恵存
数年前、僕は一冊の本を出した。
自分らしい本ができたな、と思ったのだが、全然話題にならず、思ったほど売れ行きがよくなかった。
1年ほど前のことだったか、ある人が僕のところにやってきた。仮にBさんとしよう。
「実はお願いがあるんです」
Bさんはそう言うと、袋の中から一冊の本を取り出した。
それは、僕が数年前に書いた本だった。
「これに、ひと言書いてほしいんです。Aさんにあてて」
「Aさんに、ですか」
Aさんは僕のよく知る人で、仕事でよくお世話になっている人だった。同業者ではない、ふつうの人である。僕が本を出したと知ると、わざわざその本を買って読んでくれた。たぶん専門的な内容だったので難しかったと思うのだが、それでも、最後まで読んでくれたようだった。
ところがAさんは、その後、仕事を休まれた。ご病気になったのだと聞いた。
ちょっと長引いているなあと思ったが、どのような病気なのか、それがどの程度のものなのか、まったくわからない。入院しているのか、自宅で療養しているのか、それもわからない。

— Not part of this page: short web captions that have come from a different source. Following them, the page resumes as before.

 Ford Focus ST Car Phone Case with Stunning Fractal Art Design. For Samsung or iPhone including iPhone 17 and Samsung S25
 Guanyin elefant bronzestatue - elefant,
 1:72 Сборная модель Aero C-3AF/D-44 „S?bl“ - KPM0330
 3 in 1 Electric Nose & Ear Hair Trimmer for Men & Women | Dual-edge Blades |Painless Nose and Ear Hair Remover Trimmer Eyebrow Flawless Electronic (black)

Bさんがなぜ、Aさんが持っていた僕の本を持ってきて、そこにAさんのためにひと言書いてくれと言ってきたのか、それもわからない。風の噂で、AさんとBさんはおつきあいしているのだ、と聞いたことがあるが、本当かどうかはわからない。Bさんは多くを語ろうとしなかった。
AさんがBさんに本を託し、僕のサインをもらってきてほしいと依頼したのではないかと、僕は想像した。
Bさんは、僕のメッセージが入った本をAさんに届けることで、Aさんの励みになるのではないかと思い、その依頼を引き受けたのではないか、とも想像した。
いずれも身勝手な僕の想像である。
Bさんに聞けば、Aさんがいま、どんな様子なのか、わかったのかも知れないが、僕は聞くのをためらった。
いま僕がすべきことは、Bさんに言われたとおりに、Aさんにあててメッセージを書くことなのだ。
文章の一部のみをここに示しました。